What the task requires
Using the entries below, restate word for word only the lines from the one with "Reti a doghe con materasso e testata" to the final line, leaving the pictures out.

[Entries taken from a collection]
%%
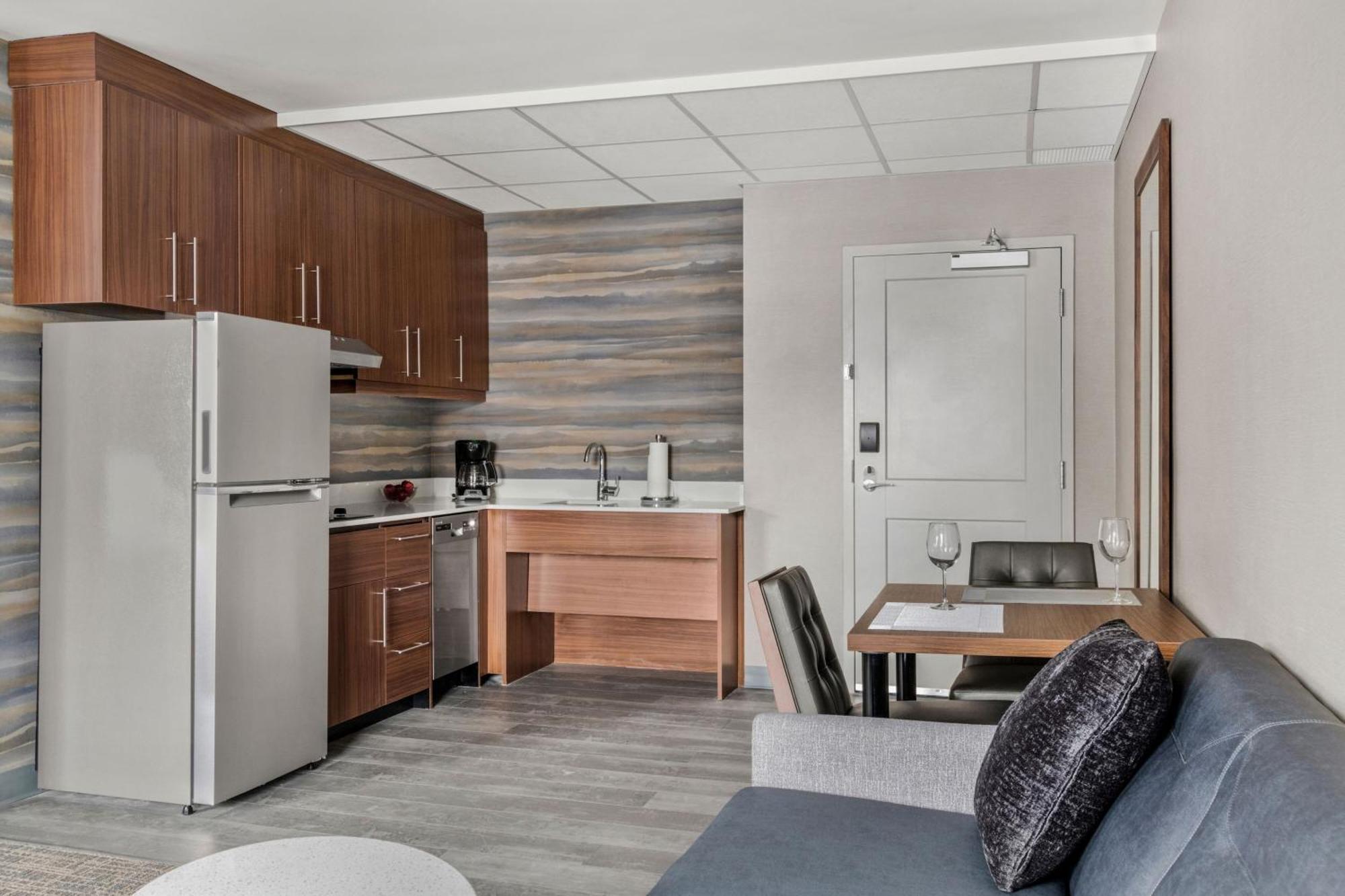 Quality Hotel Laval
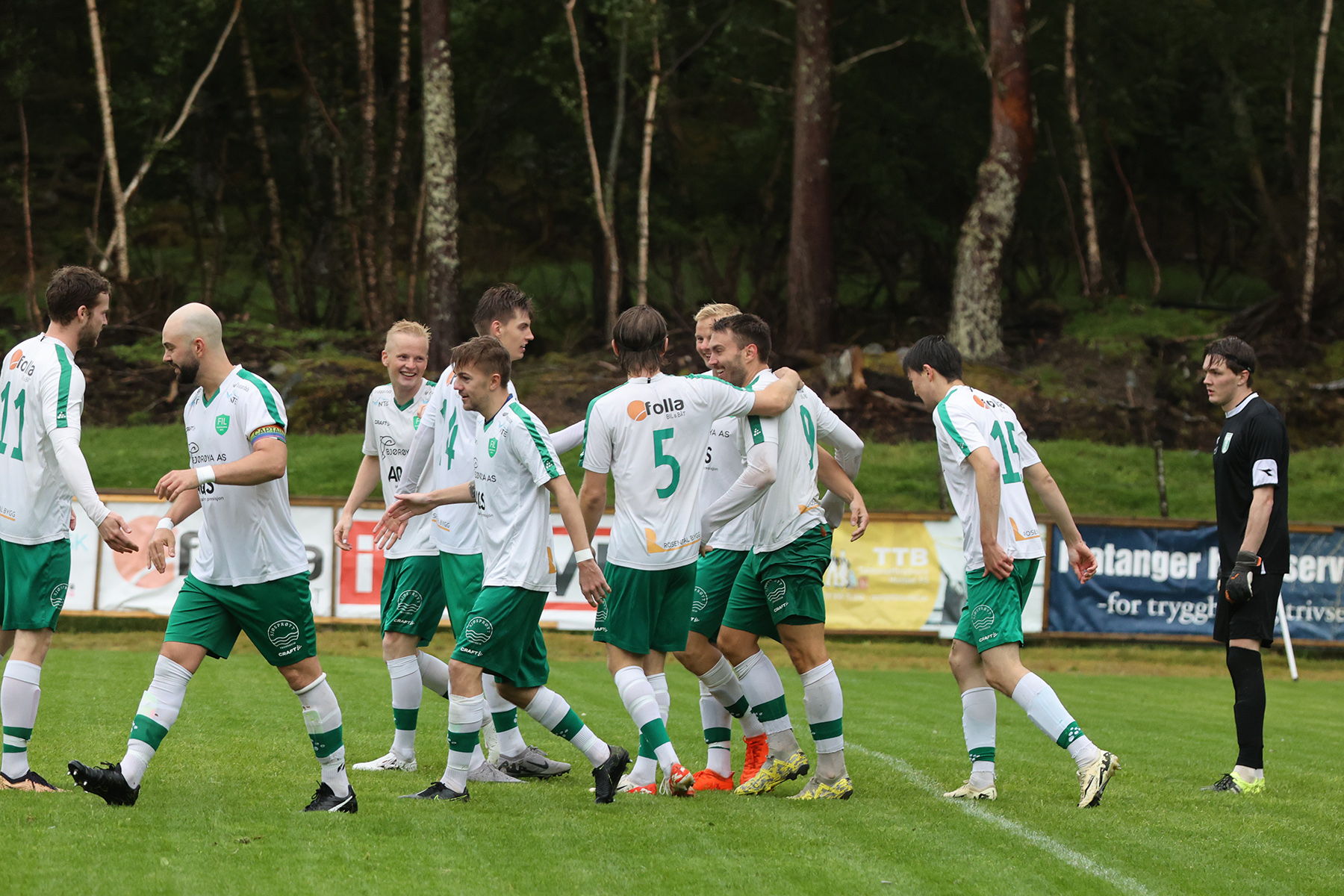 Thomas Einvik gratuleres med skåringa!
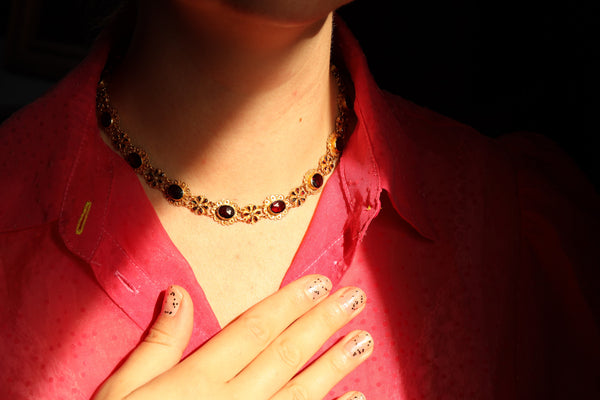 Antique Floral Garnet Necklace in Solid 14k Gold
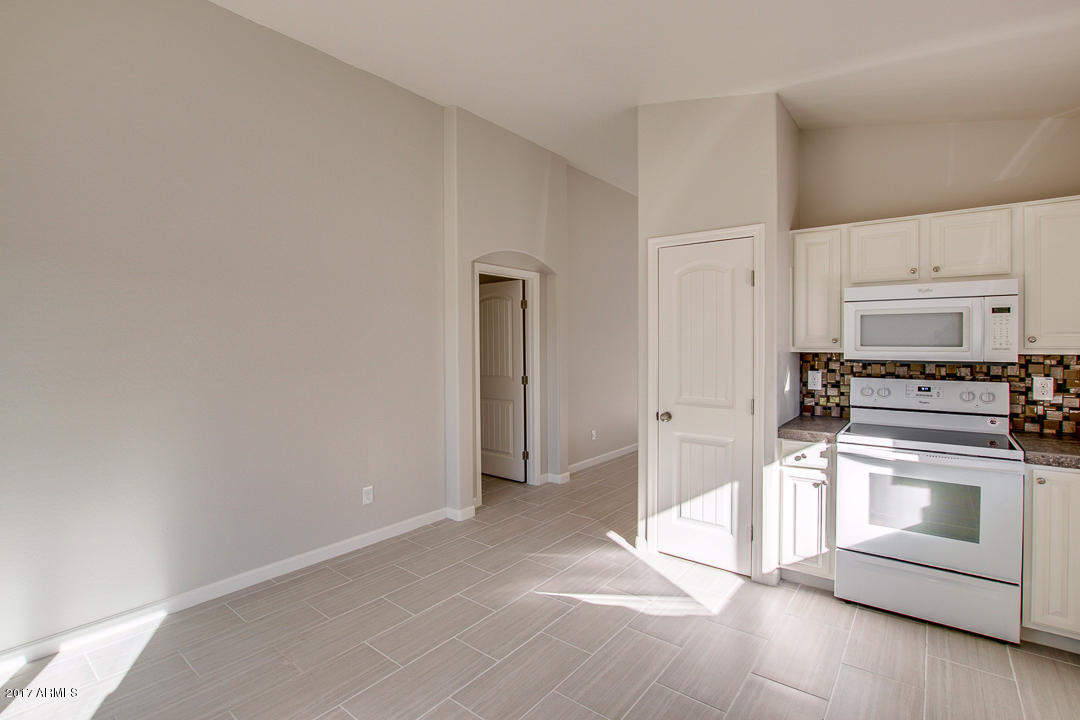 9727 E Baltimore Cir, Mesa, AZ 85207 photo 12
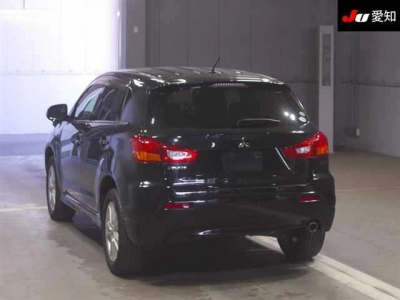MITSUBISHI RVR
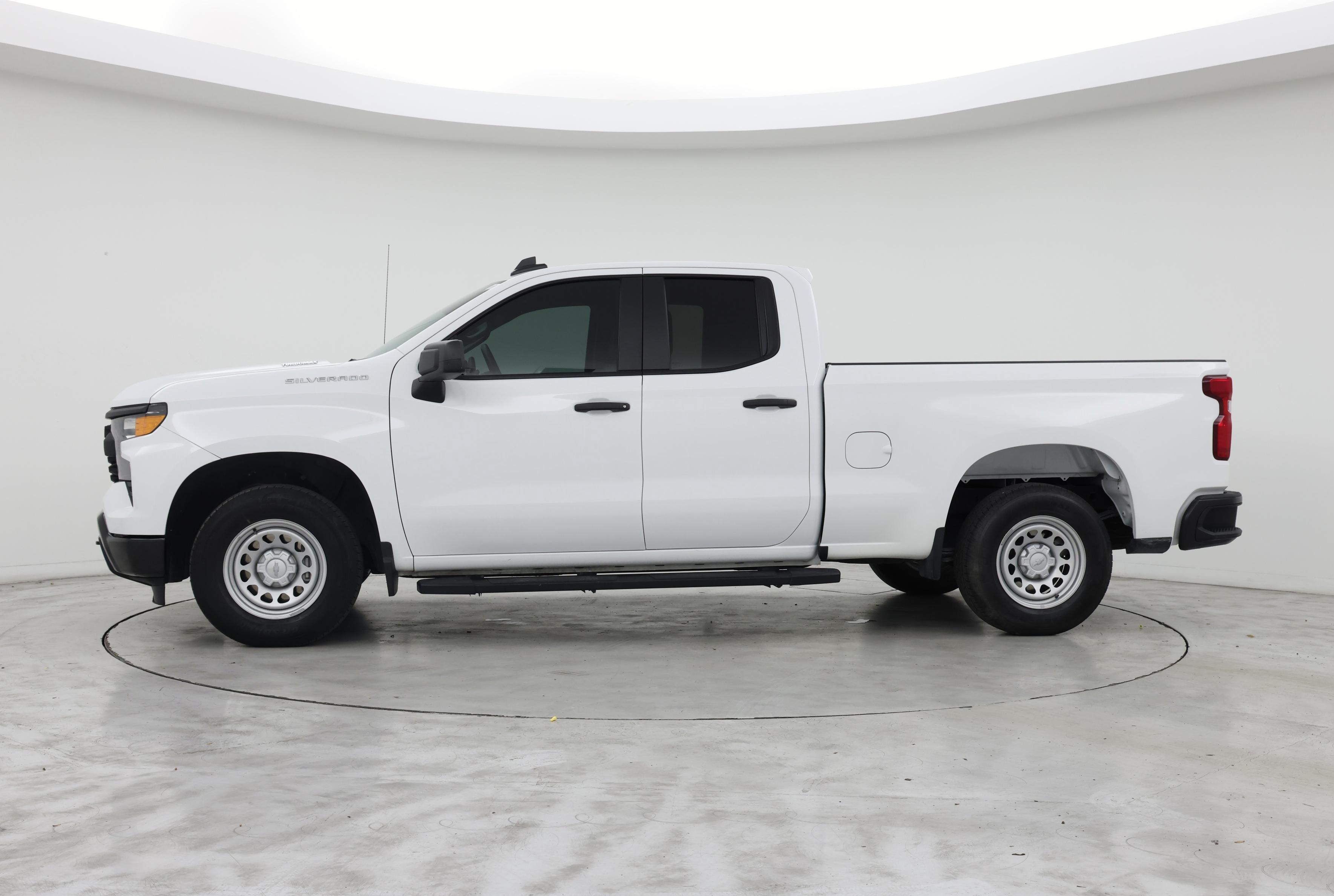 Thumbnail: 2024 Chevrolet Silverado 1500 - 3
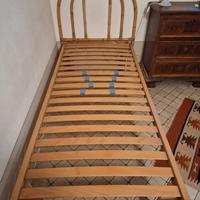 Reti a doghe con materasso e testata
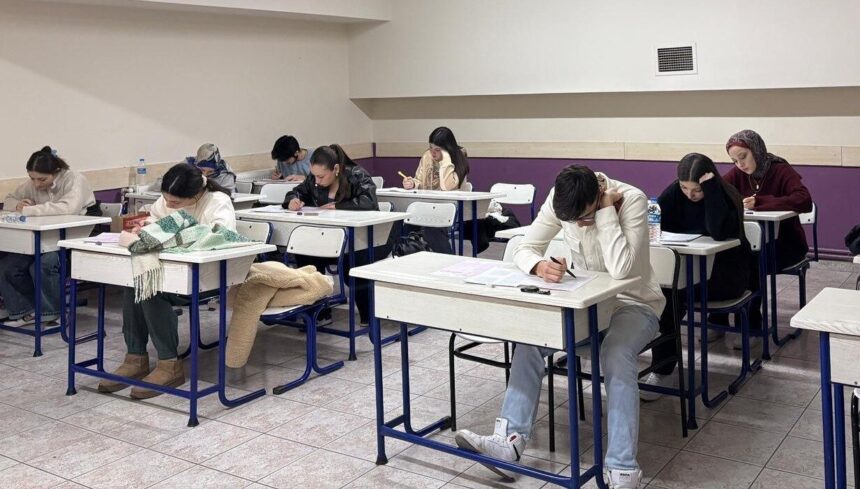 İlkadım Belediyesi, sömestir tatilinde YKS ve LGS öğrencilerine 4 merkezde hazırlık kampı düzenliyor. İlkadım Belediyesi, sömestir tatilinde YKS ve LGS öğrencilerine 4 merkezde hazırlık kampı düzenliyor.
%%
Task answer
 Reti a doghe con materasso e testata
 İlkadım Belediyesi, sömestir tatilinde YKS ve LGS öğrencilerine 4 merkezde hazırlık kampı düzenliyor. İlkadım Belediyesi, sömestir tatilinde YKS ve LGS öğrencilerine 4 merkezde hazırlık kampı düzenliyor.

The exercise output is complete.